(Extracted data entries)
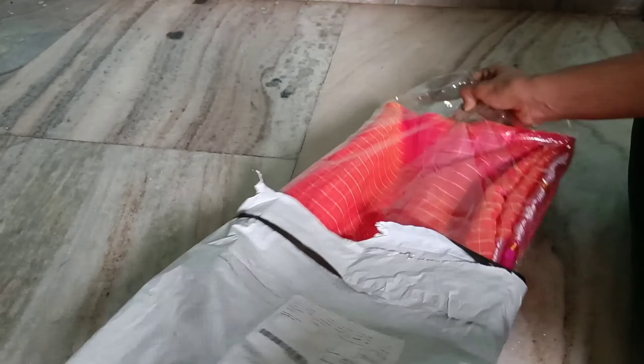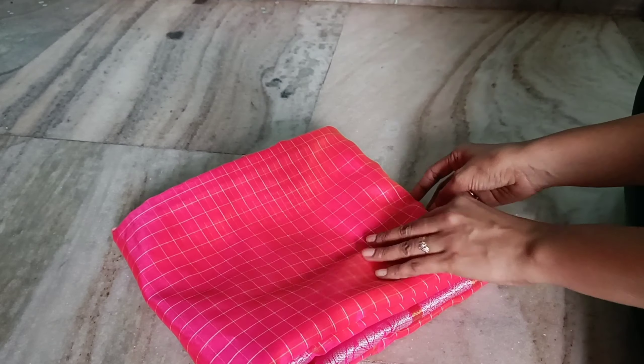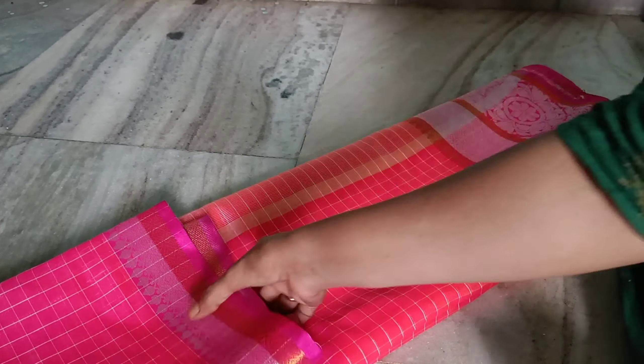Hello friends! Welcome back to our channel! Today's video, I'm going to show you a pink and orange color.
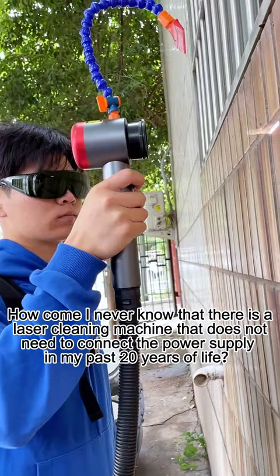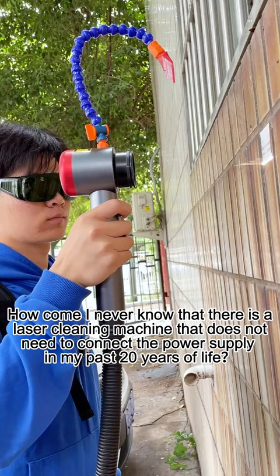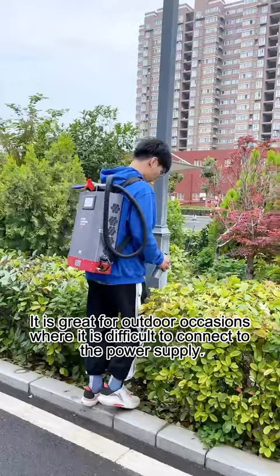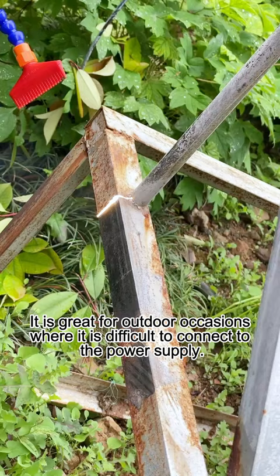How come I never knew there is a laser cleaning machine that does not need to connect to a power supply in my past 20 years of life? This laser cleaning machine adopts a backpack design with a built-in lithium battery. It is great for outdoor occasions where it is difficult to connect to the power supply.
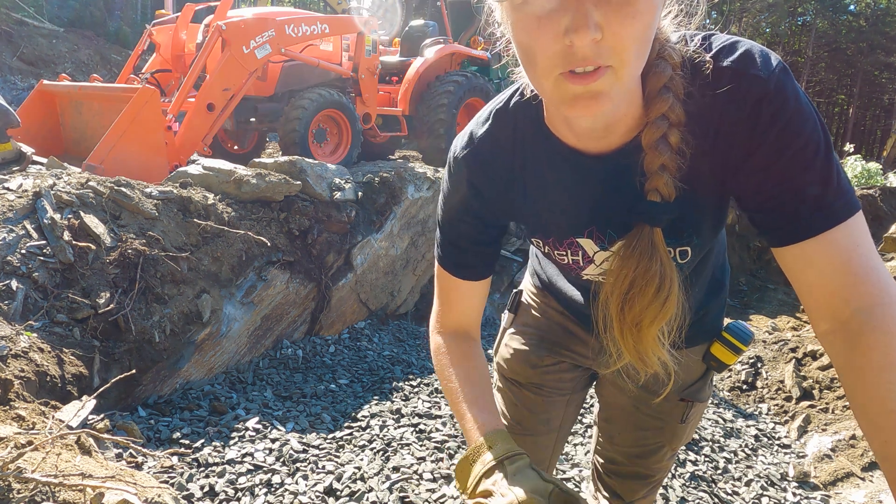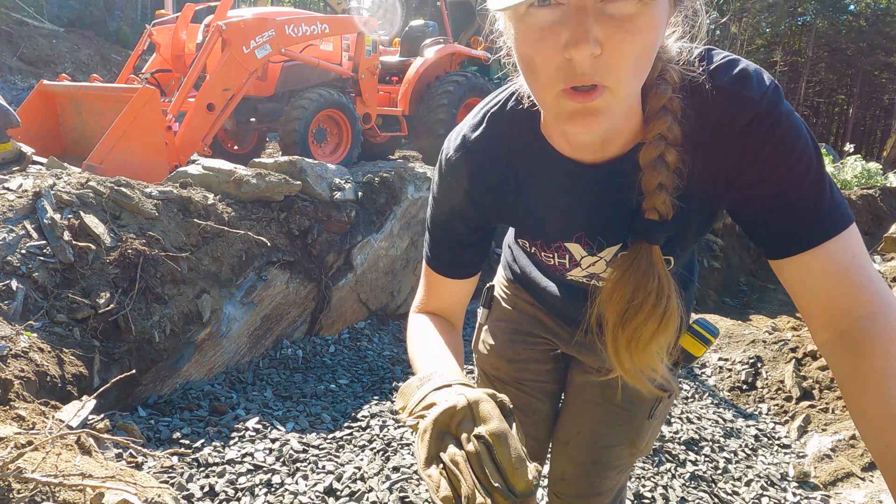We've filled the crushed rock about halfway through, so we'll compact it down before filling to the 12-inch mark.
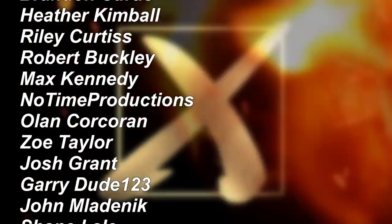Support us on Patreon — links are in the description. Until next time, farewell.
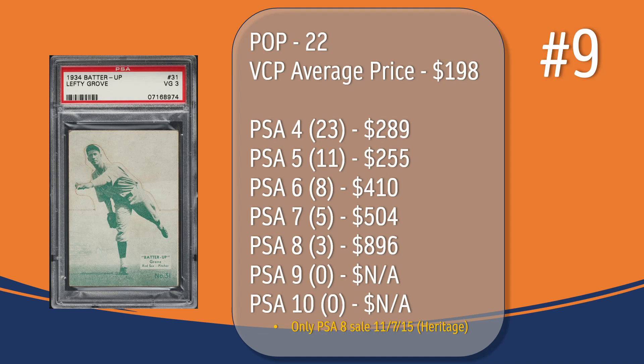At number nine, we have the Lefty Grove card. In a PSA 3, there have been 22 graded copies, with the current VCP average price of $198. There have been 23 graded at PSA 4, the last one selling for $289. There have been 11 graded at PSA 5, the last one selling for $255. There have been eight graded at PSA 6, the last one selling for $410. There have only been five graded at PSA 7, the last one selling for $504. And there have been three graded at PSA 8; the only PSA 8 sale in VCP's database took place in November of 2015, through Heritage, and sold for $896.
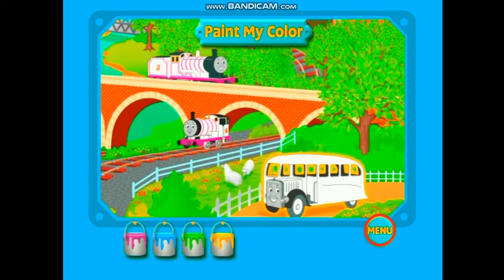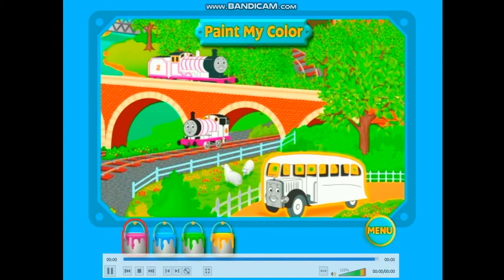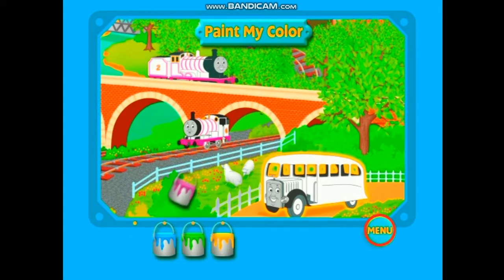Hi there, I'm Bertie the Bus, and I need your help to find my color. That's it! I am red, and you did a great job!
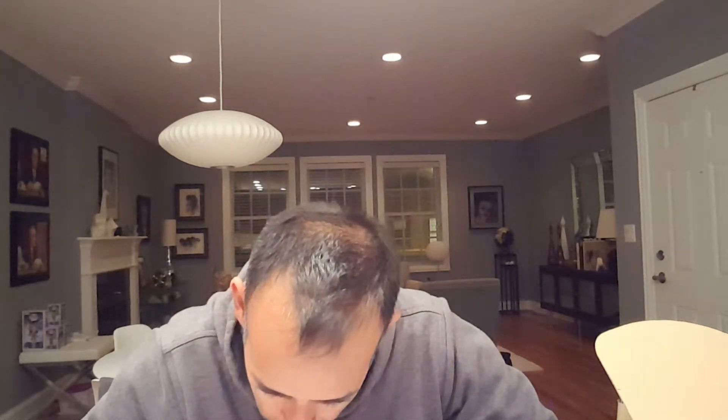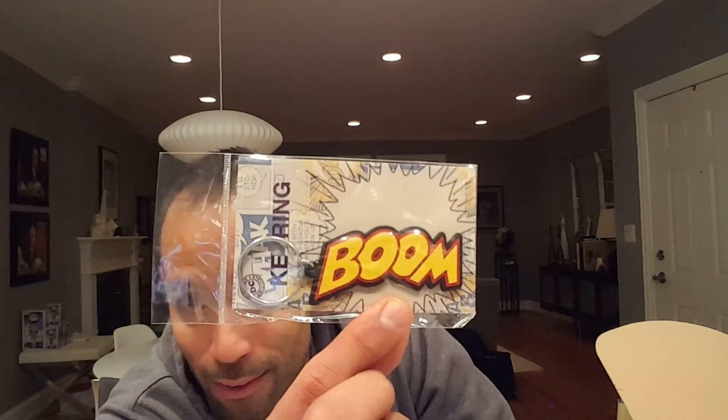The card says: 'Exclusive My Geek Box t-shirt — this month's t-shirt design has been created by our friend Mark Bell, who perfectly sums up what being a gamer is all about. Tag your pictures with #mygeekbox.' Next we have a DC key ring. I know exactly who I'm gonna give this to — I have someone who loves those 'Boom, Pow, Bam' style things from the old Batman series. That's a pretty cool keychain.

> WORK INSTRUCTION
Omit the pictures. Write out exactly the lines from the one containing "We've filled the" through the last line of the entries, both of them included.

> WORKED SOLUTION
We've filled the crushed rock about halfway through, so we'll compact it down before filling to the 12-inch mark.
Support us on Patreon — links are in the description. Until next time, farewell.
At number nine, we have the Lefty Grove card. In a PSA 3, there have been 22 graded copies, with the current VCP average price of $198. There have been 23 graded at PSA 4, the last one selling for $289. There have been 11 graded at PSA 5, the last one selling for $255. There have been eight graded at PSA 6, the last one selling for $410. There have only been five graded at PSA 7, the last one selling for $504. And there have been three graded at PSA 8; the only PSA 8 sale in VCP's database took place in November of 2015, through Heritage, and sold for $896.
Hi there, I'm Bertie the Bus, and I need your help to find my color. That's it! I am red, and you did a great job!
The card says: 'Exclusive My Geek Box t-shirt — this month's t-shirt design has been created by our friend Mark Bell, who perfectly sums up what being a gamer is all about. Tag your pictures with #mygeekbox.' Next we have a DC key ring. I know exactly who I'm gonna give this to — I have someone who loves those 'Boom, Pow, Bam' style things from the old Batman series. That's a pretty cool keychain.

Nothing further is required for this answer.